Make the Cream Sauce
- In a medium saucepan over medium heat, combine the cream of chicken soup, chicken broth, and sour cream. Stir everything together and let it warm slowly, whisking occasionally.
- Don't rush this over high heat — a gentle simmer prevents the sour cream from curdling and keeps the sauce silky. Once it's warm and fragrant, taste it and adjust with salt and pepper as needed.
Add the Chicken
- Stir in your shredded chicken and let it heat through in the sauce for about 5 minutes.
- If the sauce feels too thick, add a splash more broth.
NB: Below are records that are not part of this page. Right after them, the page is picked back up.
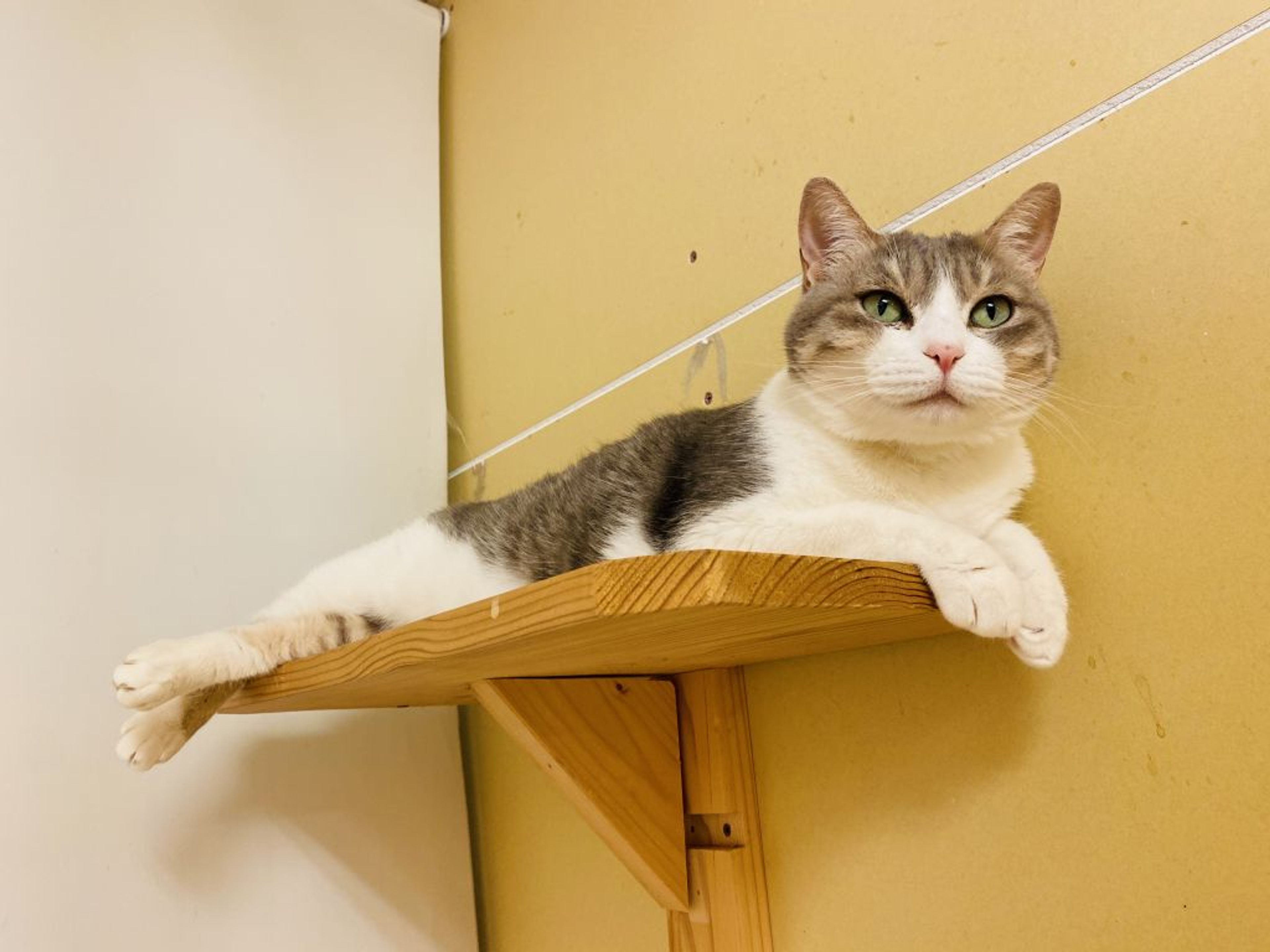 pet-image-4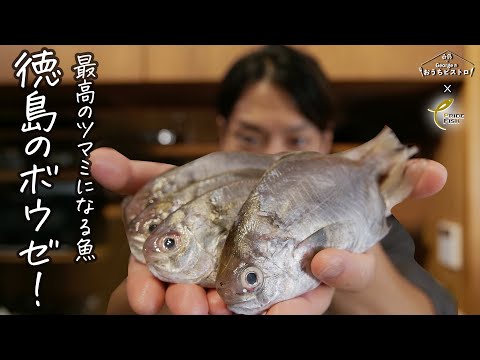 【徳島県民に愛される魚】最高のツマミになる魚「ボウゼ」をフレンチの定番レシピ、バロティーヌに【白鶴 × Georgeのおうちビストロ】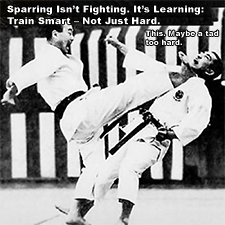 Sparring Isn’t Fighting. It’s Learning: Train Smart – Not Just Hard. image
You want it pourable but not watery.
Set Up Your Topping Bar
- Arrange all your toppings in small bowls on the counter — pineapple, chow mein noodles, cheese, coconut, olives, green onions, tomatoes, bell peppers, and almonds.
- Give each family member a plate and let them start with a scoop of rice, ladle the warm cream sauce over the top, and then pile on whatever toppings they love.
Serve Immediately
- Once assembled, Hawaiian haystacks are best eaten right away while the sauce is warm and the chow mein noodles are still crunchy. That contrast of warm, creamy sauce against cold, crunchy toppings is what makes this dish so addictive.
Notes
Store the chicken cream sauce separately from the rice in airtight containers in the refrigerator for up to 4 days. The sauce also freezes well for up to 2 months. To reheat, warm the sauce gently on the stovetop over low heat, adding a splash of broth to restore its creamy consistency before serving over fresh rice. Avoid overheating the sauce as high heat causes the sour cream to break and turn grainy. Always warm over medium-low and stir frequently. Add crunchy toppings like chow mein noodles and coconut right before eating, not ahead of time. Substitution tips: Swap sour cream for plain Greek yogurt for a lighter sauce. Use cream of mushroom soup as an alternative. For a dairy-free version, use coconut cream blended with a pinch of garlic powder.